К сожалению, Пушкин всех нас обскакал: пусть бегло, но точно выразил основные состояния души. Выходит, что я просто хочу прокомментировать его стихотворение «Пока не требует поэта…» Во всяком случае, оно вспоминается сейчас, когда руки тянутся к перу, перо — к бумаге. Одно утешение: что новое — это хорошо забытое старое; хотелось бы именно забыть, что уже написано по поводу того, ч т о хочу написать я. Мне в известном смысле наплевать, что Пушкин и другие гении были и что они по этому поводу написали; я, читая, достаточно поумилялся от совпадения их мыслей со своими и теперь хочу, чтобы мой читатель умилялся от совпадения моих мыслей с его, от того, как точно и виртуозно, по-первооткрывательски я их выразил.

Ради денег (я человек бедный, из тех, которые ценой больших усилий стремятся хотя бы в ы г л я д е т ь и не отстать), так вот: ради заработка я подрядился писать аннотации на только что вышедшие книги по экологии и поэтому вынужден сидеть в библиотеке (в ГБЛ, в зале №3). И вот я там сегодня сидел, в этом огромном зале, залитом апрельским заманчивым солнцем, пялился на золотые зодиакальные часы, на белые (гипсовые или мраморные?) бюсты ученых мужей, косился на соседку слева, шоколадную представительницу Африки, склоненную над толстенной книгой, и думал: а какого черта я здесь делаю? Была тоже грешная мысль, каковы африканские представительницы в постели, но, не умея претворить ее в реальность (уж очень строга и учена тишина в зале, витающая над кропотливыми работниками ума), я ее быстро сублимировал, так что она приняла следующий вид: а ведь эта шоколадка тоже умрет. Это «тоже» свидетельствует, что я и о себе прежде подумал, логически развивая мысль: а какого черта я здесь делаю? Тут я пропустил через мозг несколько неодобрительных мыслей насчет своих работодателей, которые за жалкие гроши покупают время, а значит, жизнь и душу свободного человека, а это, как хотите, унижение. Словом, душевно беспокоился и был недоволен собой в связи с тем, что, может быть, скоро умру, перестану быть, кончусь. Парень с другими, чем у меня, мозгами и принципами, взбреди ему это в голову, захотел бы жить и чувствовать, оправдав щедрость этого апрельского солнца и весенние призывы природы, организовал бы, под пустячным предлогом, встречу с африканской представительницей, — как говорится, было бы что вспомнить на старости лет. Мои же мозги устроены так, что из-под давления обстоятельств (а самое из них гнетущее — смерть) я способен улизнуть и освободиться, только перерабатывая их, преодолевая. Творя из полученных впечатлений. Причем нельзя сказать, что их у меня много, этих впечатлений, чтобы с порога отметать возможность вторжения африканской представительницы; и тем не менее…

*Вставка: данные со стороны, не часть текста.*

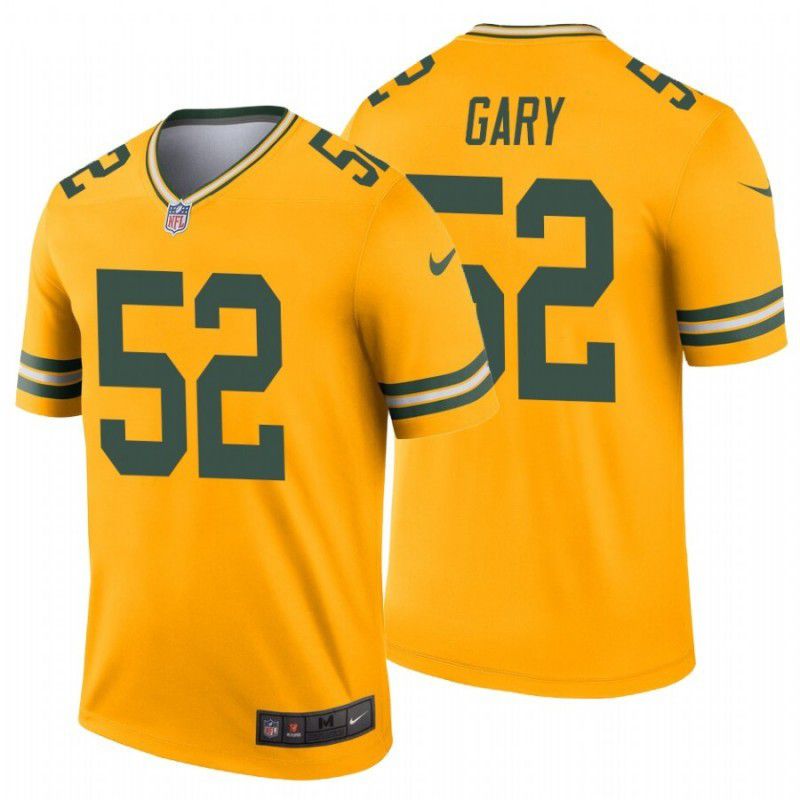 Men Green Bay Packers #52 Rashan Gary Nike Yellow Inverted Legend NFL Jersey->green bay packers->NFL Jersey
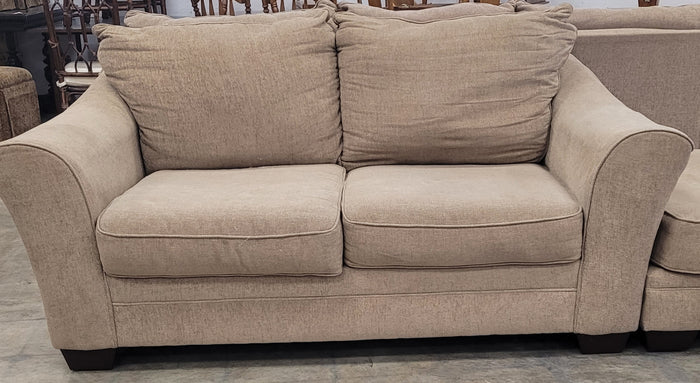 Tan Loveseat With Matching Ottoman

Какой-то я заизолированный.

Злой, что так бедна и печальна личная жизнь, смертельной завистью завидуя всем молодым аспирантам и аспиранткам (хорошо одеты, пишут диссертации, лекции, небось, читают, такие умницы, судя по тому, как картинно они на лестницах и переходах стоят-переговариваются и умно финансовую политику правительства обсуждают: только что повысили розничные цены, апрель 1991 года), в прогрессирующем с каждой минутой душевном раздрае и неприкаянности вышел на улицу, на еще более обширное, по сравнению с читальным залом, пространство, обращенное к Манежной площади, вдохнул теплый, талый и весьма загазованный воздух (сиюминутно почерпнутые экологические знания) — и закурил. И мне захотелось: 1) бросить курить; 2) вставить зубы; 3) прожить хотя бы 100 лет; 4) написать роман под названием «Век чистогана», социально-психологическую драму наподобие бальзаковских, в которой бы, как в капле воды — ее окрестности, отразилось время капитализации и денежного расчета, последовавшее за временем идеологической лжи и диктата. «Пора переходить на летнюю обувь», — потея ногами в теплых башмаках, подумал я и вспомнил, что кроссовки порвались и летние ботинки тоже просили каши. «Я их всех умою», — подумал не без злорадства о тех, кто, с упоением разглагольствуя о прелестях капитализации и приватизации, еще не понимает, в какие тиски способен загнать человека рубль и предприниматель (а ботинки просят каши, и сам я к предпринимательству не способен). Подумано было так, с таким ехидством, как если бы роман «Век чистогана» был уже готов.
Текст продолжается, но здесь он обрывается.